Please return every line of the material verbatim and skip any images.
(Data extract begins)
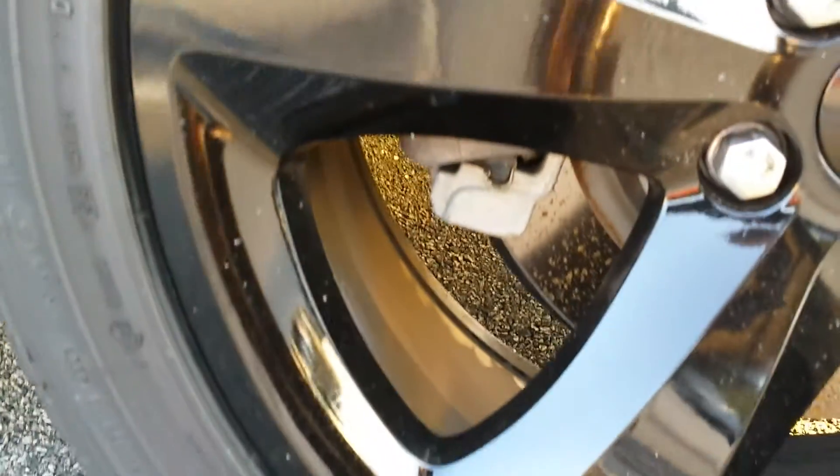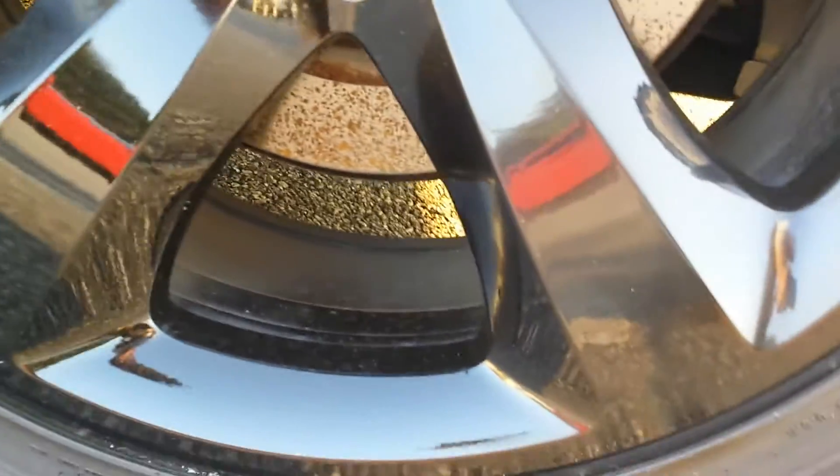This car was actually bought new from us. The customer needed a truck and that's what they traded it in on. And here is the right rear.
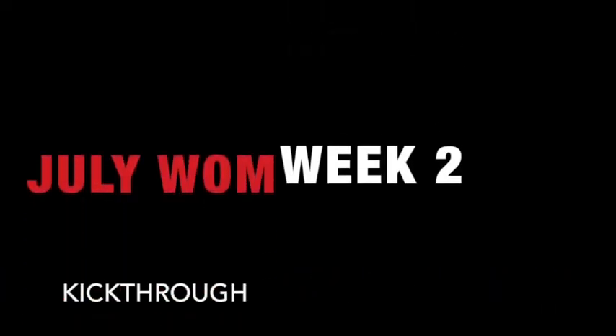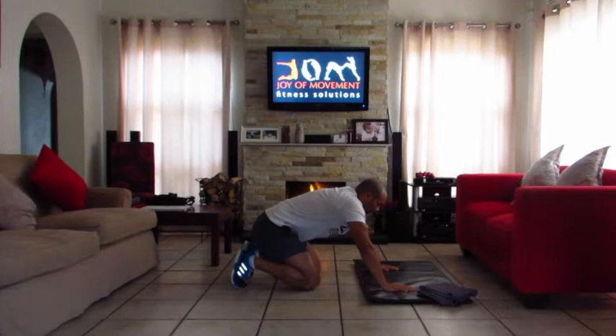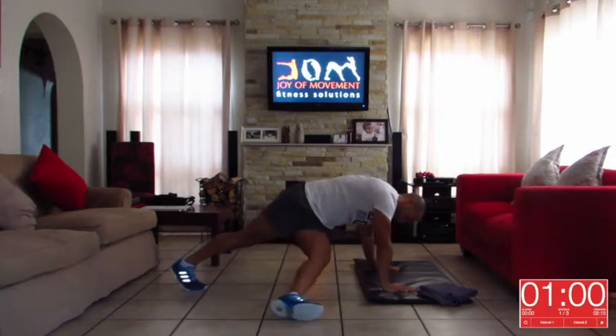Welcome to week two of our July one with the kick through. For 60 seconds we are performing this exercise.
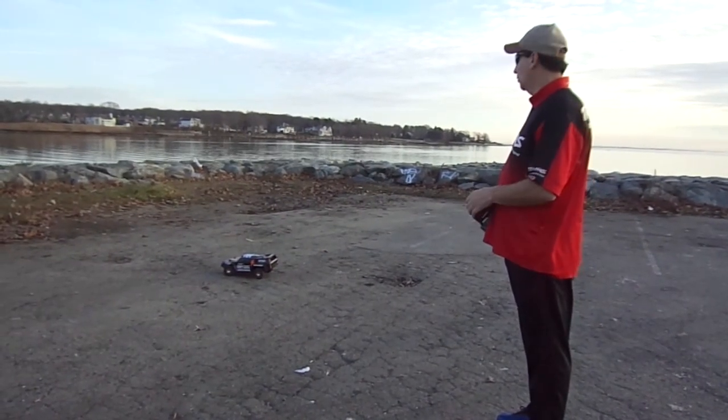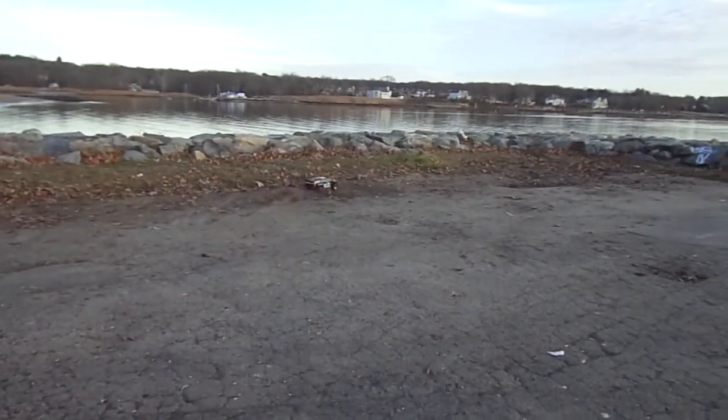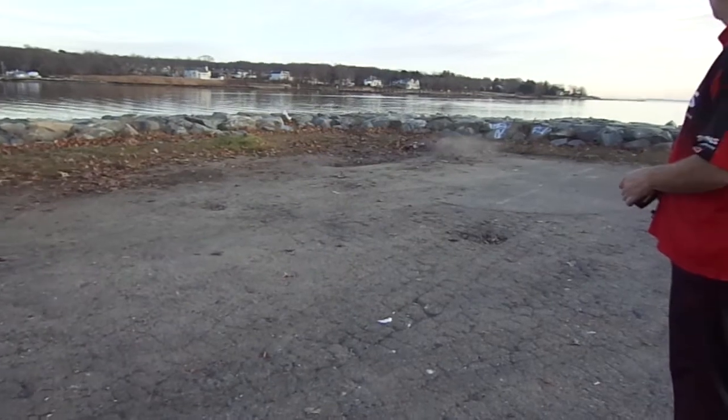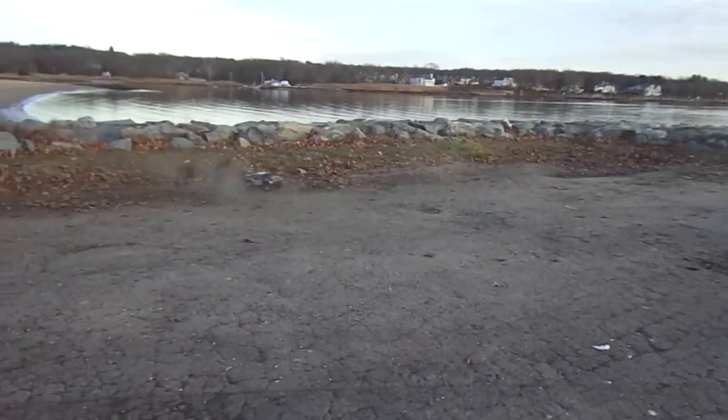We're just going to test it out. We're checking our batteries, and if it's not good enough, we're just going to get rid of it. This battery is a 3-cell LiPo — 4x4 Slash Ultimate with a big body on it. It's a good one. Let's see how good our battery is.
(Data extract ends)
◆ **Exercise solution**
This car was actually bought new from us. The customer needed a truck and that's what they traded it in on. And here is the right rear.
Welcome to week two of our July one with the kick through. For 60 seconds we are performing this exercise.
We're just going to test it out. We're checking our batteries, and if it's not good enough, we're just going to get rid of it. This battery is a 3-cell LiPo — 4x4 Slash Ultimate with a big body on it. It's a good one. Let's see how good our battery is.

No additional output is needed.